Todo es un remix

–En la época de Hume estaba muy extendida la creencia de que había ángeles. Al decir «ángel», nos referimos a una figura de hombre con alas. ¿Has visto alguna vez un ángel, Sofía?

–No.

–¿Pero habrás visto una figura de hombre?

–Qué pregunta más tonta.

–¿También has visto alas?

–Claro que sí, pero nunca en una persona.

–Según Hume, «ángel» es un concepto compuesto. Consta de dos experiencias diferentes que no están unidas en la realidad, pero que, de todos modos, en la imaginación del hombre han sido conectadas.

[...]

Otro ejemplo es el «pegasus», es decir, un caballo con alas. En todos casos tenemos que reconocer que la conciencia ha jugado su propio juego. Ha cogido las alas de una impresión y el caballo de otra. Todos esos conceptos han sido percibidos en alguna ocasión y han entrado en el teatro de la conciencia como «impresiones» auténticas. Nada ha sido inventado por la propia conciencia.

Jostein Gaarder, El Mundo de Sofía (Siruela, Madrid, 1995)

 

Del viernes 24 al domingo 26 de junio se realizó, en distintas sedes, el evento Buenos Aires Futura, organizado por el Gobierno de la Ciudad de Buenos Aires. Tuve la fortuna de poder ir el sábado a la sede del Planetario, y tuve más suerte todavía al verme acompañado por gente como Cecilia Saia (supongo que les suena), Daniel Abadie y Conz Preti.

Estuvo muy lindo a pesar del frío, había stands interesantes y un par de charlas, y pude asistir una de ellas, titulada “El impacto de las redes sociales en el mundo actual“, en la que hablaron figuras como lo son Alejandro Piscitelli, Pablo Aristizabal y Lorena Amarante (todo esto con la moderación de Rudi Borrmann).

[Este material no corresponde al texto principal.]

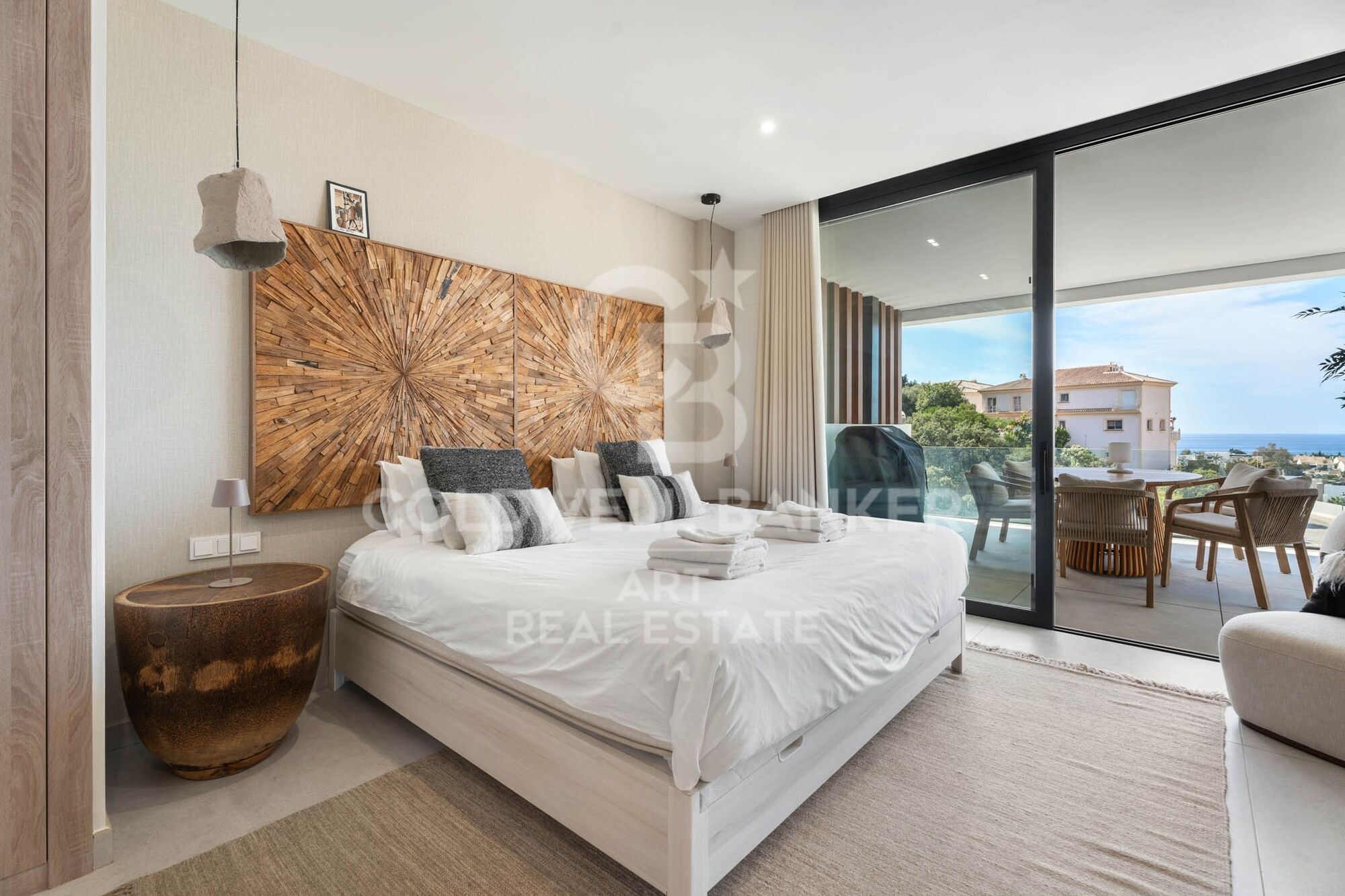 Zeitgenössisches Duplex-Penthouse mit Meerblick - Marbella Ost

Se habló de muchas cosas dentro de la infinidad de cosas que engloba una frase como la que encabezaba el debate, pero me llamó mucho la atención una cosa que mostró Alejandro Piscitelli (filósofo con dos másters especializado en nuevos medios), que habló más que nada de la evolución de la comunicación y cómo las redes sociales nos llevan a una etapa de lo que él llamó “oralidad secundaria”, y mencionó que no existe el contenido puramente original, solo la transformación y la copia de otra cosa que hizo alguien más, el mashup, el remix.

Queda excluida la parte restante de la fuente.